Only the pictures stay out; please return all the entries below exactly as written.

[Dataset records Boundary: Start]

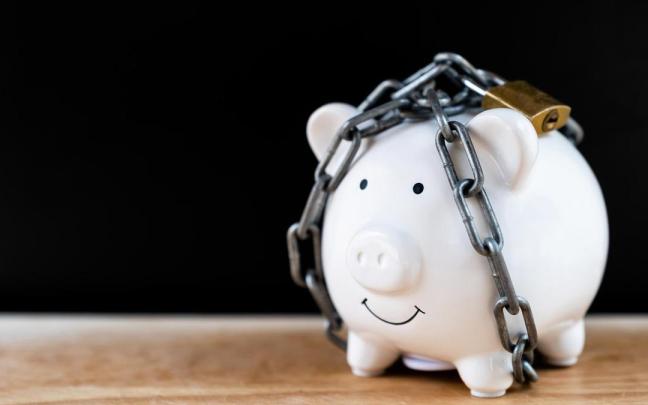 Una hucha con ahorros bloqueada por una cadena y un candado.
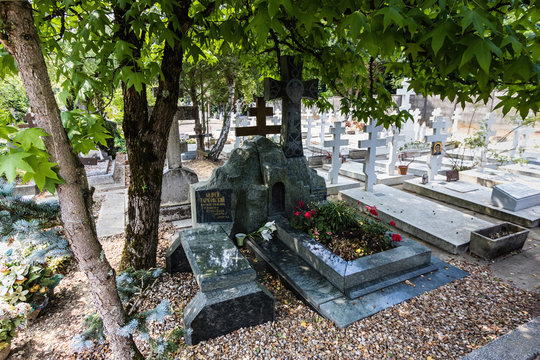 A grave tomb of the famous Russian film director, Andrei Tarkovsky, at the Sainte-Genevieve-des-Bois Russian Cemetery, France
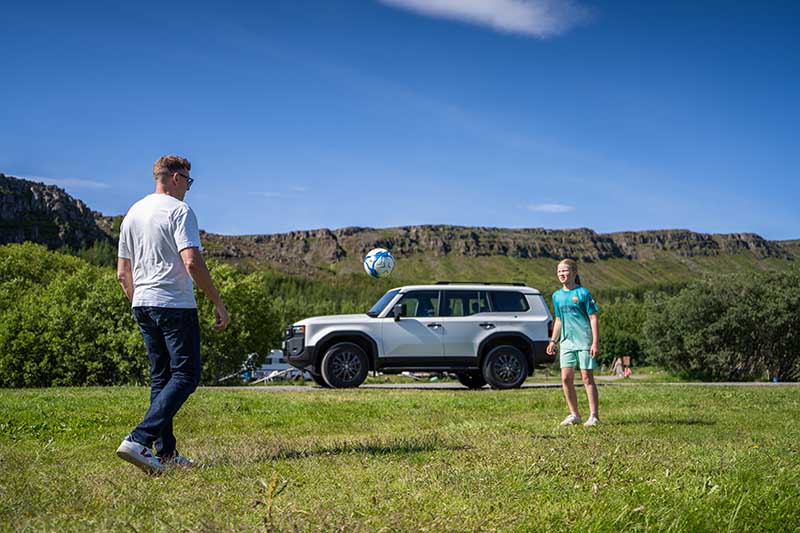 Father and daughter playing football on a self drive vacation in Iceland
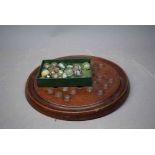 Mahogany solitaire board and small collection of marbles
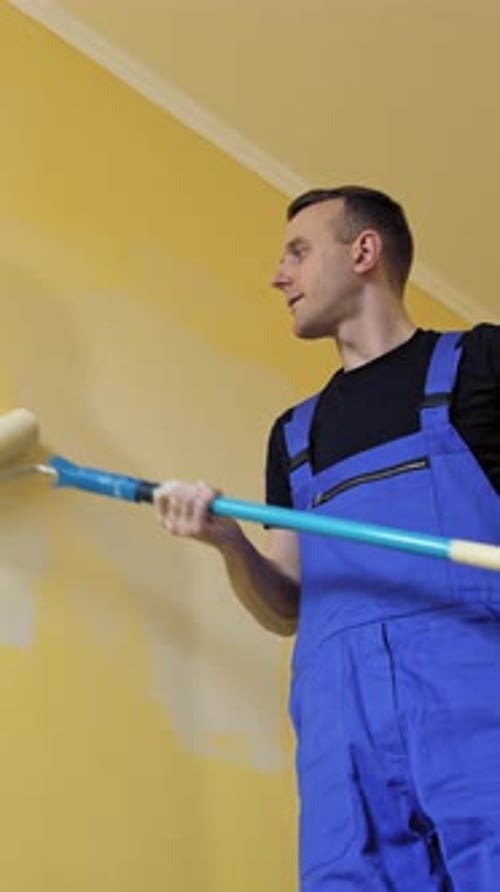 Mann macht neue Zimmereinrichtung mit Farbe. Junger gutaussehender Mann bei der Renovierung. Vertikales Video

[Dataset records Boundary: End]

§ **Solution**
 Una hucha con ahorros bloqueada por una cadena y un candado.
 A grave tomb of the famous Russian film director, Andrei Tarkovsky, at the Sainte-Genevieve-des-Bois Russian Cemetery, France
 Father and daughter playing football on a self drive vacation in Iceland
 Mahogany solitaire board and small collection of marbles
 Mann macht neue Zimmereinrichtung mit Farbe. Junger gutaussehender Mann bei der Renovierung. Vertikales Video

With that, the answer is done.